(Dataset excerpts)

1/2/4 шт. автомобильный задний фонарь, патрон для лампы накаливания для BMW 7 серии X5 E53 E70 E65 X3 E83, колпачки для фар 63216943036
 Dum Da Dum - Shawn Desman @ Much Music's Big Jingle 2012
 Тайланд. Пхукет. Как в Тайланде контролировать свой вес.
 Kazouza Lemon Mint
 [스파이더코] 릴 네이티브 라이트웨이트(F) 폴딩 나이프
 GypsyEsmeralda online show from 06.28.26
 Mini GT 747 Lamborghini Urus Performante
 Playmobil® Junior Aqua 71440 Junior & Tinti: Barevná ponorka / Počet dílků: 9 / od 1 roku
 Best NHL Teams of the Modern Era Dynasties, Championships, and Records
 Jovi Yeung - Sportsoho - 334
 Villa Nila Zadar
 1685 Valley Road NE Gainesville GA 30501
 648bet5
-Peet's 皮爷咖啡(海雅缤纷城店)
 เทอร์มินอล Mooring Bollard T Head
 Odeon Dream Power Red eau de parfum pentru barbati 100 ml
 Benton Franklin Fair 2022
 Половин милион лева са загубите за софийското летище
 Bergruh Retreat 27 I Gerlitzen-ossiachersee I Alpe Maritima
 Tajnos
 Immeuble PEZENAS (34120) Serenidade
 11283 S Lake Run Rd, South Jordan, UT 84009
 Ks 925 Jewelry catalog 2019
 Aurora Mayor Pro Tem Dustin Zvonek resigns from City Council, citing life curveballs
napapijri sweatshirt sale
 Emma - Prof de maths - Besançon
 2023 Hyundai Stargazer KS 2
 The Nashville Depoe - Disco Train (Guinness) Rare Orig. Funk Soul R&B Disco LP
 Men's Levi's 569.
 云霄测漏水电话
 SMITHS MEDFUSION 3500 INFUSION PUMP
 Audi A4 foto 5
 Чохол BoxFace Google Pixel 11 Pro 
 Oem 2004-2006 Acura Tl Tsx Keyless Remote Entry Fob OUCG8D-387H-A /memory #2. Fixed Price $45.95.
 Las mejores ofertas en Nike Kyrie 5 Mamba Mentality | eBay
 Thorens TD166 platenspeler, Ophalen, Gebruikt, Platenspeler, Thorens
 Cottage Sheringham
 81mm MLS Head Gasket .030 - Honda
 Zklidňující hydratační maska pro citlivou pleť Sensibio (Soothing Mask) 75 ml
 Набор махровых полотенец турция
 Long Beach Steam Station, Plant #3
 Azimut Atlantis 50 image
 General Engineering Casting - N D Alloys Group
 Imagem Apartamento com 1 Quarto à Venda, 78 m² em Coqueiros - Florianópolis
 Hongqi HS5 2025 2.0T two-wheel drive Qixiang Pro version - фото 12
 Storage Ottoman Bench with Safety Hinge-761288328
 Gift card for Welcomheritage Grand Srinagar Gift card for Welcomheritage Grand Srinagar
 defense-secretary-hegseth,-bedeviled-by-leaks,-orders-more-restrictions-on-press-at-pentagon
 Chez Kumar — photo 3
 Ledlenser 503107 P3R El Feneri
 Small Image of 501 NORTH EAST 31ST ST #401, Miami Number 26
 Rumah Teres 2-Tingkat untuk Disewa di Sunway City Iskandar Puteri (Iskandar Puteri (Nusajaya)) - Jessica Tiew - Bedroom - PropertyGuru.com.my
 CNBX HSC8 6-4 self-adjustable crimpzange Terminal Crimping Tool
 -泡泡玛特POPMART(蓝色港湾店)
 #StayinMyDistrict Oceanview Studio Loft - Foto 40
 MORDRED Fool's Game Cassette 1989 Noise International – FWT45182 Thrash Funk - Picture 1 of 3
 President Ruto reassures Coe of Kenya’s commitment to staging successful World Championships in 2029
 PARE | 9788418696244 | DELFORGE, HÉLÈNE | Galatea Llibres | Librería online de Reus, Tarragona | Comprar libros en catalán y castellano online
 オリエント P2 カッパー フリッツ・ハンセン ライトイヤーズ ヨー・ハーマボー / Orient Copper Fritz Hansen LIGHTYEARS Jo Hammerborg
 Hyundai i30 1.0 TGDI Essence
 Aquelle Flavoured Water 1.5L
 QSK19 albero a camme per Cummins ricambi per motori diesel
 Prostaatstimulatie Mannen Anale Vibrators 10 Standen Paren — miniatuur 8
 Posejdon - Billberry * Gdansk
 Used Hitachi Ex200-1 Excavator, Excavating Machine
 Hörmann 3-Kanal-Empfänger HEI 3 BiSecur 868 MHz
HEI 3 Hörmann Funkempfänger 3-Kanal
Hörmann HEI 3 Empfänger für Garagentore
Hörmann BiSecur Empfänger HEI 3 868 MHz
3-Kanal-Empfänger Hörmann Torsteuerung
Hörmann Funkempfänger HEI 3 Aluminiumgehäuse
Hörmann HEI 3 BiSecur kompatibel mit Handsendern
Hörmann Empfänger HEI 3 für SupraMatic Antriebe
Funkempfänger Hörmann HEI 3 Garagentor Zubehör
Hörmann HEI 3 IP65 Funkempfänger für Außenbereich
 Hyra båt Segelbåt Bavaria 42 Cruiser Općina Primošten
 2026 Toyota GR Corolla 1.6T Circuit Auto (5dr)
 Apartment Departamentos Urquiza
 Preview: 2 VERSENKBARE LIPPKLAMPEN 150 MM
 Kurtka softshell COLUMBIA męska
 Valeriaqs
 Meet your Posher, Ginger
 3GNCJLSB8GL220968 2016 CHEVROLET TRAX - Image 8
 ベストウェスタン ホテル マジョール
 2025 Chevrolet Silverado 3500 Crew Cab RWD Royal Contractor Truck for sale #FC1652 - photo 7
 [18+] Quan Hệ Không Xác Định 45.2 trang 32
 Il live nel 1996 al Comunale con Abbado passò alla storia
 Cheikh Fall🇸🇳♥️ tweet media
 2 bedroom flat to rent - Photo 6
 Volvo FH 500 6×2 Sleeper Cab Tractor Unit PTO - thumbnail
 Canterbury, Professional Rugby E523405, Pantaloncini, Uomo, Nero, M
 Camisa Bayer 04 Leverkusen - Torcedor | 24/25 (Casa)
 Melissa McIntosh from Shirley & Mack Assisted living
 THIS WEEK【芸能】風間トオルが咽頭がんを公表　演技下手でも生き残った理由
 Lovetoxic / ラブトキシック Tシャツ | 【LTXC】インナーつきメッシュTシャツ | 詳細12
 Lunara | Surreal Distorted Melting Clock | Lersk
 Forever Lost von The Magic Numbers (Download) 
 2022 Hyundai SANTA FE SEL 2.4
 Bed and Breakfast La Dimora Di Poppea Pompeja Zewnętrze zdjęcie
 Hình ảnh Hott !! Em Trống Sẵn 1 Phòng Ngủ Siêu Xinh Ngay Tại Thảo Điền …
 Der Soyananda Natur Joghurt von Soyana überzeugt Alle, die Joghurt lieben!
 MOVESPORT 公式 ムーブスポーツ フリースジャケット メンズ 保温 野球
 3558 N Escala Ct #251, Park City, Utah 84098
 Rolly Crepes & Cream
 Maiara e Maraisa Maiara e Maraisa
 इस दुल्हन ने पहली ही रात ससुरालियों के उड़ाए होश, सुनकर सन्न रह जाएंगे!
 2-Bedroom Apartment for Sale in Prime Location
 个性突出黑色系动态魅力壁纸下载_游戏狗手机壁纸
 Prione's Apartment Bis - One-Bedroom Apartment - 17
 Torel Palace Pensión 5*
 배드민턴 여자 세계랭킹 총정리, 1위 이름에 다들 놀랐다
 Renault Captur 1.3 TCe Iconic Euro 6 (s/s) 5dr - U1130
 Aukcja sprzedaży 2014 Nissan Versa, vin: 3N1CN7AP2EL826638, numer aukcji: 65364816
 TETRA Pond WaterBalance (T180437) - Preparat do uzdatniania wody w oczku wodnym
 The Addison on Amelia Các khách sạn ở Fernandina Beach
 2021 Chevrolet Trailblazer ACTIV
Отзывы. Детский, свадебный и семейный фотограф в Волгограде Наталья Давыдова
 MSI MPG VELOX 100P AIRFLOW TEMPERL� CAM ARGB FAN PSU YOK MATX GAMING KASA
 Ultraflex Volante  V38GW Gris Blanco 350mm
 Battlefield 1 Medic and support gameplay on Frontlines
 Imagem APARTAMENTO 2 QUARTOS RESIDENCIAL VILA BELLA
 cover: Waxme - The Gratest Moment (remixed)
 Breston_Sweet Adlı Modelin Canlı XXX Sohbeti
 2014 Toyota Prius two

**What the task asks:** Show every line above in which the word "Hyundai" occurs.

**Exercise solution:**
 2023 Hyundai Stargazer KS 2
 Hyundai i30 1.0 TGDI Essence
 2022 Hyundai SANTA FE SEL 2.4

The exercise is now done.